Monday, December 19, 2011

Can't let go

Here are the current Meteosat water vapor channel and MIMIC total precipitable water satellite images:
Looking at these, you might say that while by now the MJO should have moved on across the Pacific, it seems it hasn't; the center of convection seems to be somewhere in the Maritime Continent (aka Indonesia), with the eastern Indian ocean still being somewhat active, despite the title of my last post. The RMM index would agree with you. By that measure, the MJO continues to tool around somewhere between phase 4 and 5, unable to decide if it wants to move on east, go backwards, or die altogether:
Consistent with this the westerly wind anomalies are persisting - actually picking up again - over the Indian ocean:
And the recent soundings at Addu Atoll, such as the latest one, look not too far off what one would expect with the active phase - something like what we saw in the buildup. Not really busting loose, but not far from it. High humidity (consistent with the MIMIC picture), with dew point not much less than temperature, and healthy westerlies in the lower troposphere: Why can't the MJO make up its mind? What's going on?
This is not too uncommon really. In fact the spectacular behavior we had for the first two months of DYNAMO - with two healthy MJO cycles coming through like clockwork in two months - was somewhat unusual. What's interesting is that the forecast models reasonably well predicted this current slowdown (though perhaps the amplitude is staying a little stronger than predicted). What did they see? What atmospheric conditions cause the MJO to either move forward or stall, or to strengthen or die?
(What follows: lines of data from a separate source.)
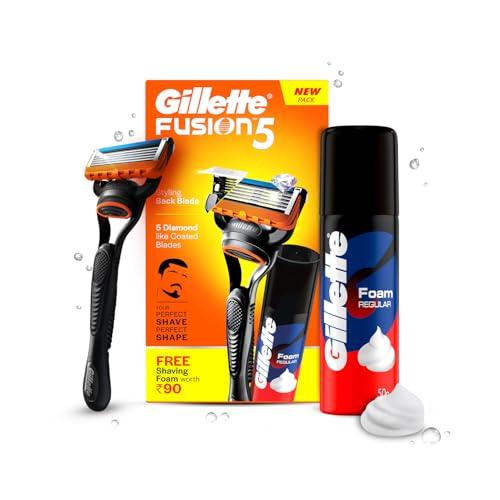 Gillette Fusion Manual Razor for Men for Perfect Shave and Perfect Beard Shape & Gillette Classic Regular Pre Shave Foam, 50g - Gillette Drugstore
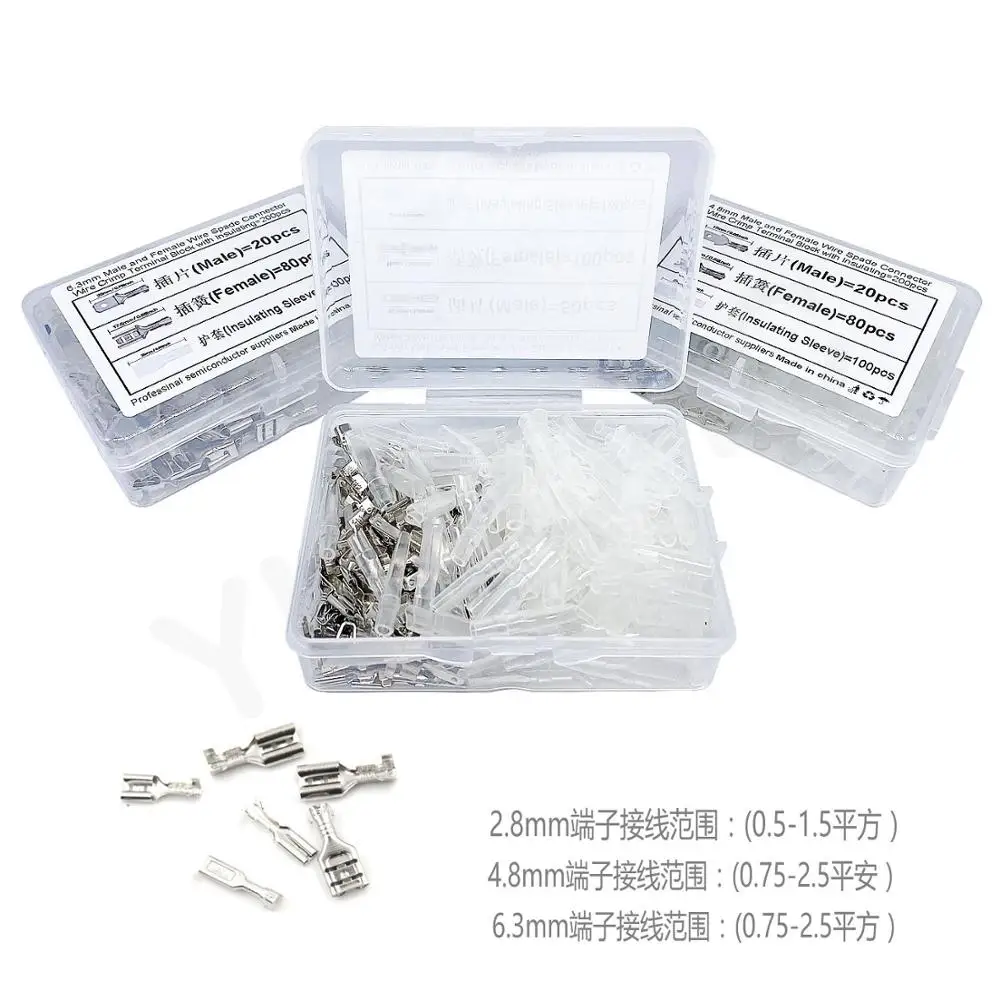 6.3MM/4.8MM/2.8MM Crimp Terminal Block Insulating Sleeve Kit Pliers Female Male Spade Wire Connector For 22-16 AWG 0.5mm2-1.5mm2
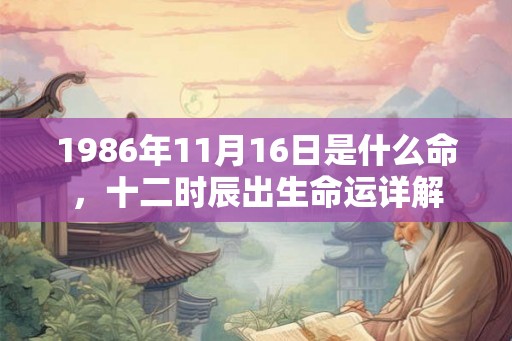 1986年11月16日是什么命，十二时辰出生命运详解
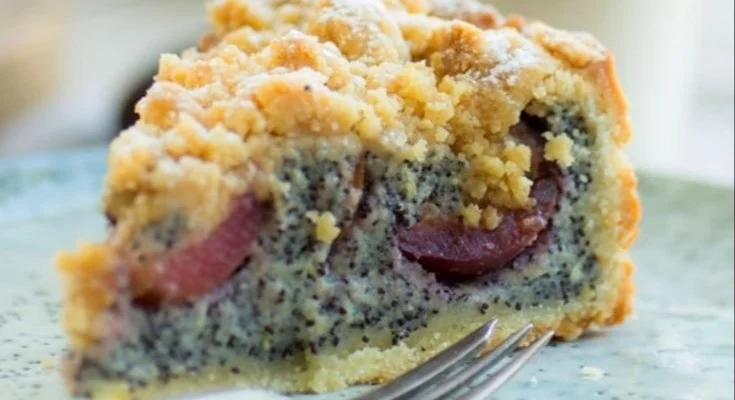 Pflaumen-Mohn-Kuchen mit Streuseln auf einem Teller, frisch gebacken.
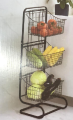 3-Tier Wire Basket Stand - Snack Fruit Vegetable Produce Metal Hanging Storage Bin for Kitchen Pantry - Free-Standing or Stacking Organizer - Discounted Offer. 
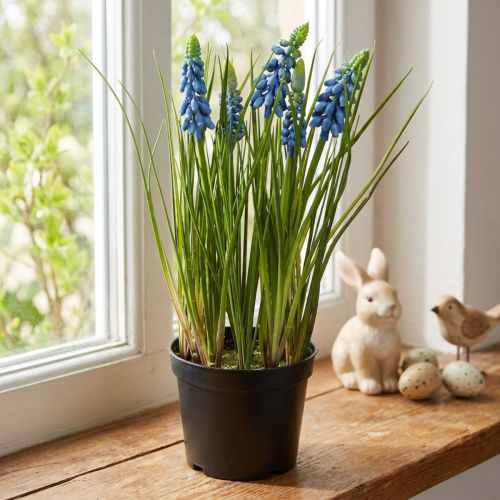 Umělé hyacinty v modrém květináči 24cm | Floristik24.cz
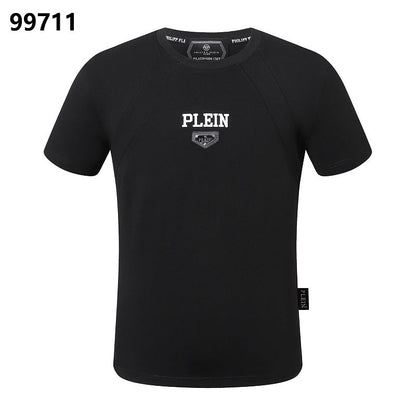 P**P Men's Extended Size Logo Emblem T-Shirt | Black White M-3XL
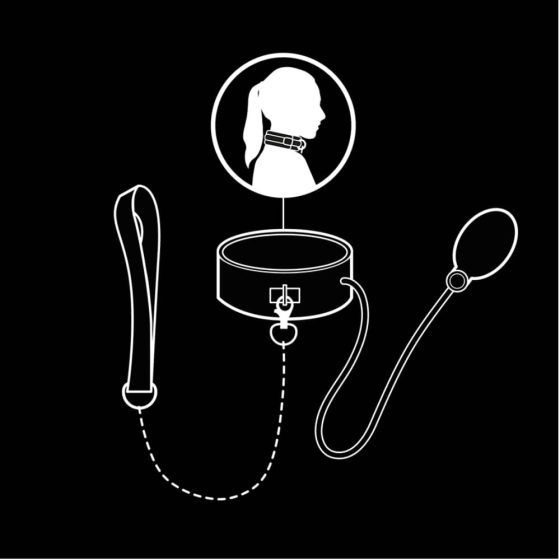 Fetish – felfújható nyakörv láncpórázzal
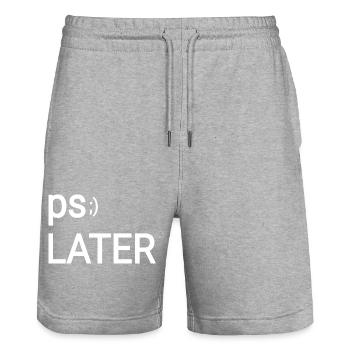 Verabschiedung lustig cool - Stanley/Stella Unisex Bio Joggingshorts Trainer  - Grau meliert - Vorne - Nik (191cm) & Marisol (170cm)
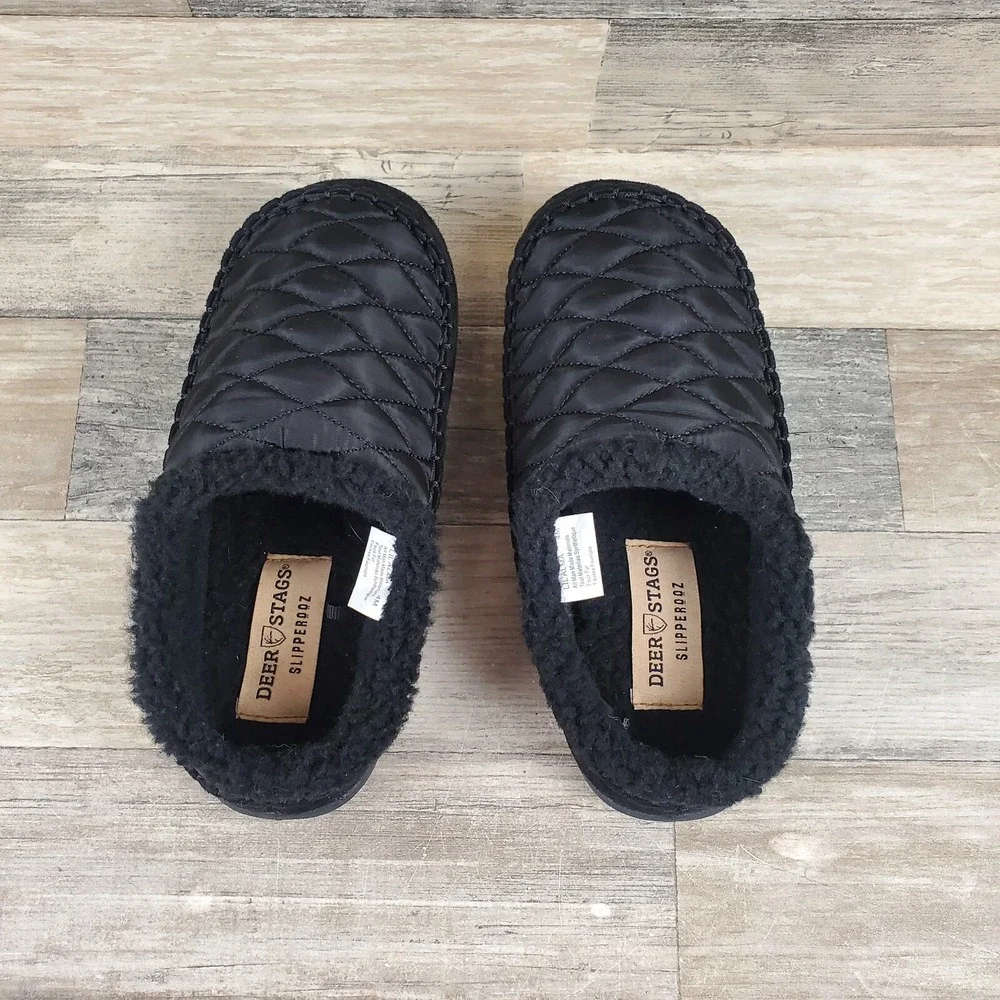 Deer Stags Boys Lil ALMA Slippers Size 4 Little Kid Black Slip On Shoe NWOB NEW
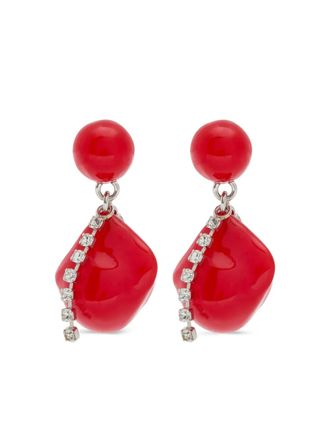 Completedworks crystal-embellished drop earrings - Red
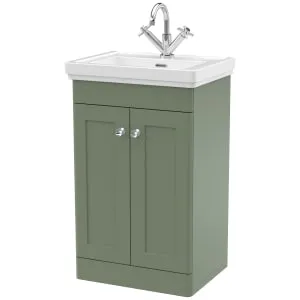 Classique Satin Green Floor Standing 2-Door Vanity & Basin 1 Tap Hole - 865 x 530mm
  1. I'm not sure I would say that the models did a good job predicting the slowdown. It seems that every time I look at the forecasted RMM the models are always trying to kill the amplitude as well as the eastward propagation. It's as if they are predicting a slowdown more often than not.

    I think this has a lot to do with something Dave Raymond suggested in a paper on moisture modes and the MJO. His results seem to say that the GFS is unable to support moisture modes because the model physics won't allow a net import of moisture into the column over an extended period.

    I have a suspicion that other operational models may have a similar issue. However, I also remember the initiation of the current event was predicted rather well, so there's got to be a lot more to the models' performance in regards to the MJO.

  2. The stopped clock is right twice a day theory eh? Well there may be a little truth to it, but as you say I think the models - at least some of them - deserve a little more credit than that.